Exercise description:
Each word in the data below should be copied exactly; the images should not.

Exercise data:
##########

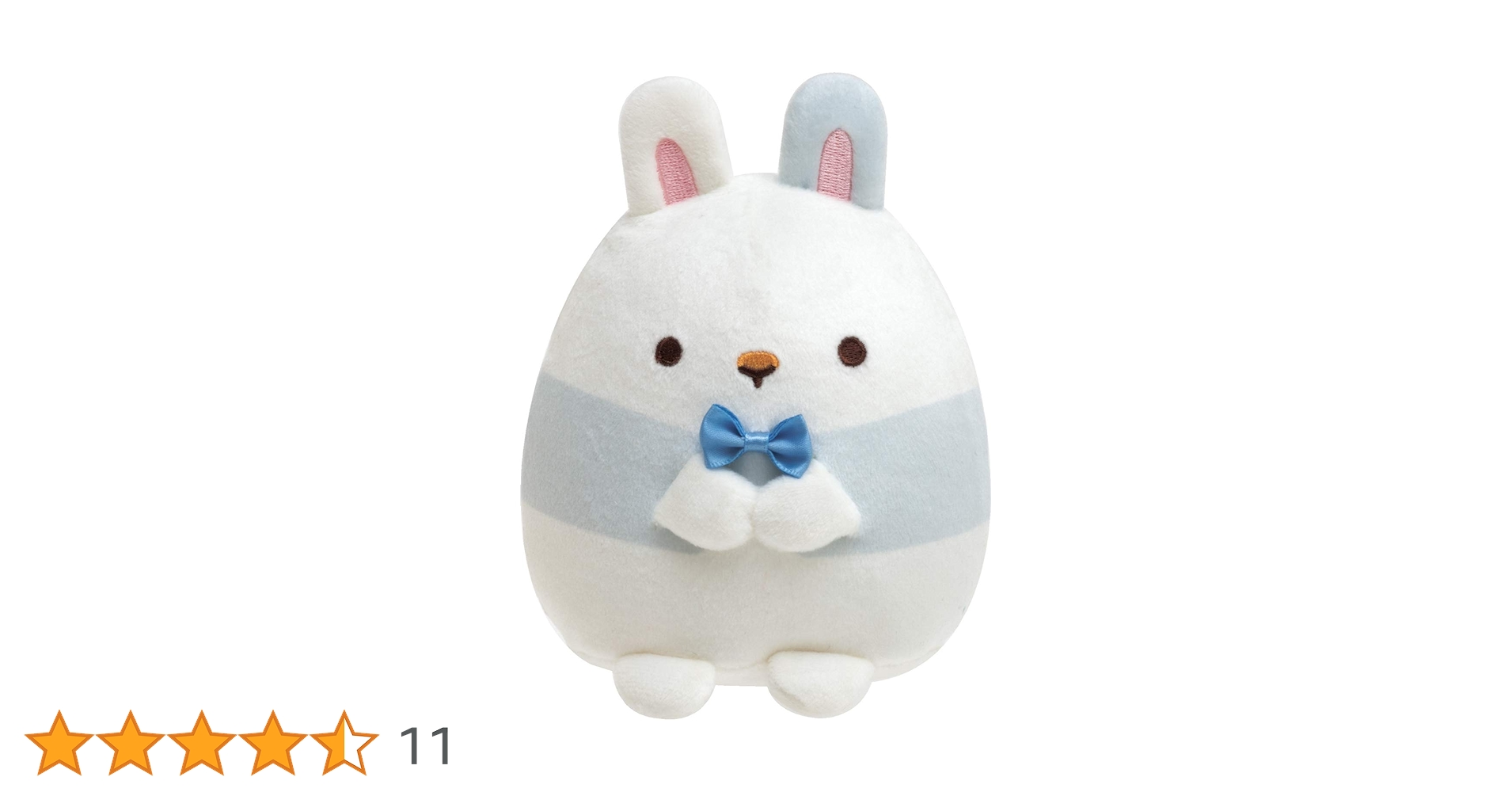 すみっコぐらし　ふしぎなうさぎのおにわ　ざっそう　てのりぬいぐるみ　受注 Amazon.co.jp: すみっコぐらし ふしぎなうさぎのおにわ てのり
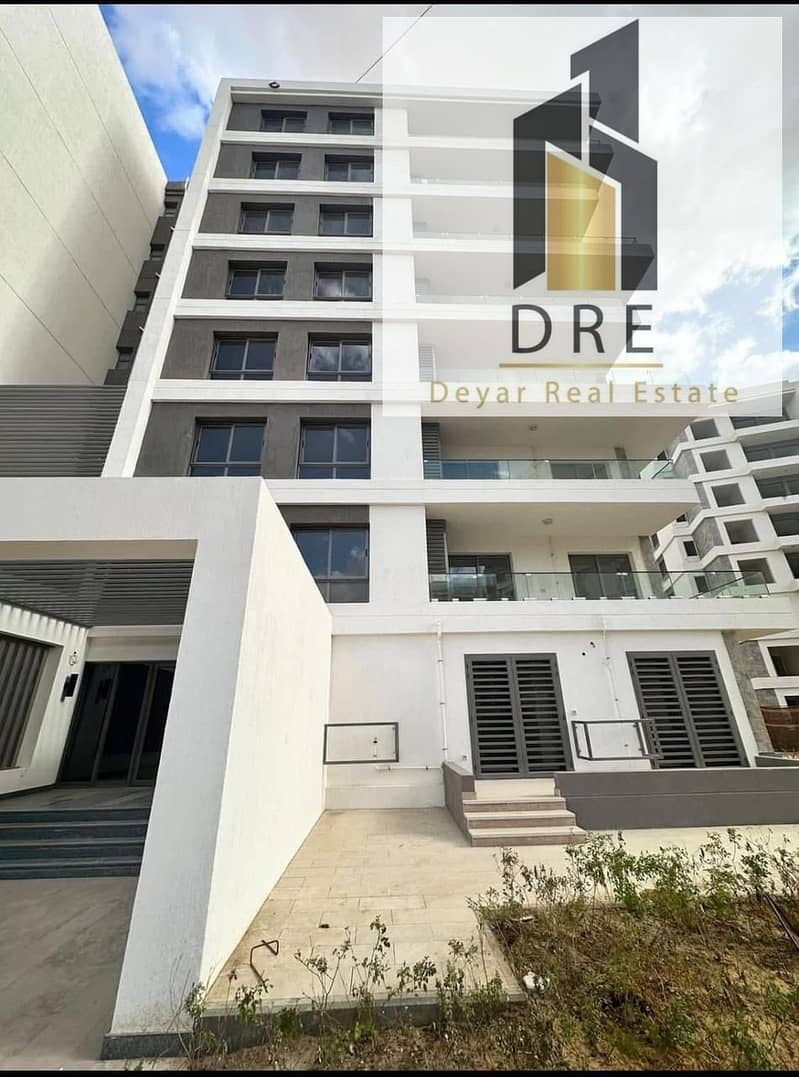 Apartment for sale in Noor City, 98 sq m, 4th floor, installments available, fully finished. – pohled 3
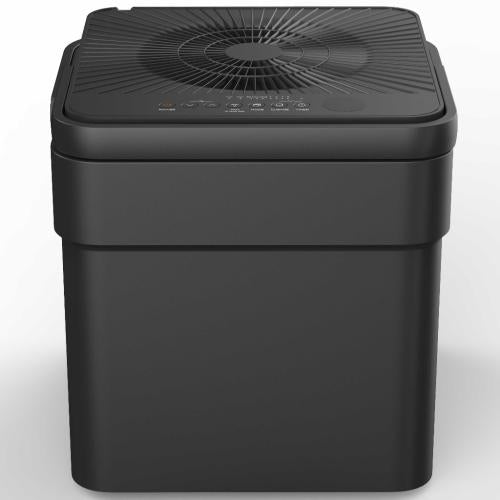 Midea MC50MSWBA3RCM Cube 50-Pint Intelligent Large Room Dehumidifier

##########

Response:
 すみっコぐらし　ふしぎなうさぎのおにわ　ざっそう　てのりぬいぐるみ　受注 Amazon.co.jp: すみっコぐらし ふしぎなうさぎのおにわ てのり
 Apartment for sale in Noor City, 98 sq m, 4th floor, installments available, fully finished. – pohled 3
 Midea MC50MSWBA3RCM Cube 50-Pint Intelligent Large Room Dehumidifier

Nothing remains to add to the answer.